また、図1に示すように、この電子ガバナECU90には、変速段設定手段60からの情報に基づいて変速制御時にはエンジン出力を減少させる出力抑制手段70が設けられており、車速とアクセル開度とから得られる運転状態が、変速マップ60aの変速特性線を横切ると、この出力抑制手段70によりエンジントルクが抑制されてから変速操作が実行されるようになっているのである。
【0022】
さて、次に、本発明の要部について説明すると、このATコントローラ100には、変速機10のキックダウンを予め予測するためのシフトダウン判定手段80が設けられている。このシフトダウン判定手段80では、後述する手法によりキックダウンが行なわれるか否かを予測して、キックダウンが行なわれると予測した場合には、変速段設定手段60からの出力に優先して変速制御手段30及び出力抑制手段70にシフトダウンの実行を指示するものである。
【0023】
すなわち、シフトダウン判定手段80によりキックダウンが予測された場合には、変速マップ60aからの情報に基づくシフトダウン(キックダウン)の指示以前にシフトダウンを開始するようになっているのである。

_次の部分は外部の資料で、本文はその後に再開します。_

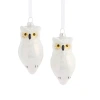 North Pole Trading Co . Owl Set 2-pc. Christmas Ornament In White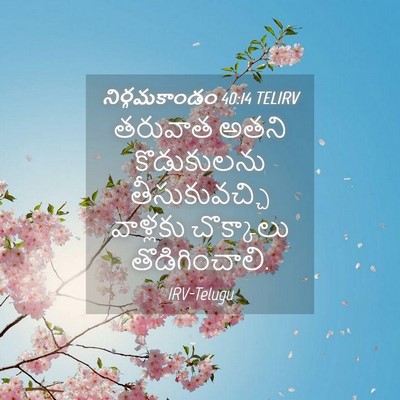 Picture 04 - నిర్గమకాండం 40:14 TELIRV - తరువాత అతని - Bible Verse Picture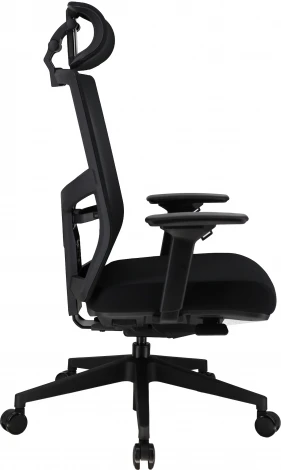 Эргономичное кресло Everprof Fuji Сетка Черный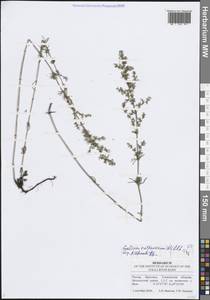 Galium ruthenicum Willd., Eastern Europe, Middle Volga region (E8) (Russia)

そして、このように予めキックダウンを推定することにより、変速制御時間を短縮するようになっているのである。
【0024】
ここで、図3を用いて本実施形態におけるキックダウンの推定方法について説明する。
まず、一般的なキックダウンについて説明すると、図3に示すA点で定常走行中にドライバがアクセルペダルを急激に踏み込んで運転状態がC点に示す位置になったとする。このとき、まず、ドライバがA点からアクセルペダルを踏み込むとアクセルペダルの踏み込み量に応じて、車速が上昇する以前にアクセル開度だけが急激に上昇する。
【0025】
しかしながら、運転状態が図中B点の位置になっても、7速から6速へのシフトダウン線を越えるまでは、新たな目標変速段(6速)は設定されず、変速制御手段30及び出力抑制手段70に対してシフトダウンの変速指示は行なわれない。そして、このシフトダウン線を越えたときに初めて目標変速段が6速に設定されて、上記変速制御手段30及び出力抑制手段70に変速指示が出力されるのである。
【0026】
これに対して、本実施形態のキックダウンの推定方法では、まず、アクセル開度センサ50からアクセル開度情報がシフトダウン判定手段80に取り込まれる。そして、シフトダウン判定手段80では、検出されたアクセル開度情報からアクセル開度変化率Δθを算出し、このアクセル開度変化率Δθが所定値(閾値)よりも大きいか否かを判定する。なお、アクセル開度変化率Δθは、今回の制御周期で検出されたアクセル開度から前回の制御周期で検出されたアクセル開度を引くことで算出されるものである。また、制御周期を一定とすると、このΔθは単位時間当たりのアクセル開度変化率であると言える。
【0027】
キックダウンの推定方法の1つとして、以下の方法を説明する。図3に示すように、通常変速マップ60aでは、アクセル開度がある値以上(例えば70%)でキックダウンが行なわれるように設定されている。このため、ある制御周期においてアクセル開度が例えばθ1 (30%)であって、次の制御周期でθ2 (60%)が検出された場合、アクセル開度変化率Δθ=θ2 −θ1 と、現在のアクセル開度θ2 とから、Δθ+θ2 ≧アクセル開度70%のとき、次の制御周期においてキックダウンが実行されると推定するようになっている。
【0028】
また、これ以外にも、以下のような手法によりキックダウンを推定してもよい。すなわち、アクセル開度変化率Δθが所定値(例えば30%)よりも大きいと判定した場合(即ち、急激にアクセルペダルが踏み込まれて、例えば図中A点からB点に移動したとき場合)には、現在のアクセル開度θ2 が、変速マップ上のどの位置にあるかを参照する。このときアクセル開度θ2 が、例えば60%以上(図中B点)であると、次の制御周期でアクセル開度(例えば図中C点)がシフトダウン線を越えると判定する。つまり、アクセル開度変化率Δθと現在のアクセル開度θ2 とに基づいて、次の制御周期でシフトダウン線を越える否かを変速マップ上で判定するのである。
【0029】
すなわち、両手法では、変速マップの参照の有無による差はあるものの、アクセル開度とアクセル開度変化率とから、今後シフトダウン線を越えて確実にキックダウンが行なわれるか否かを予測するようになっているのである。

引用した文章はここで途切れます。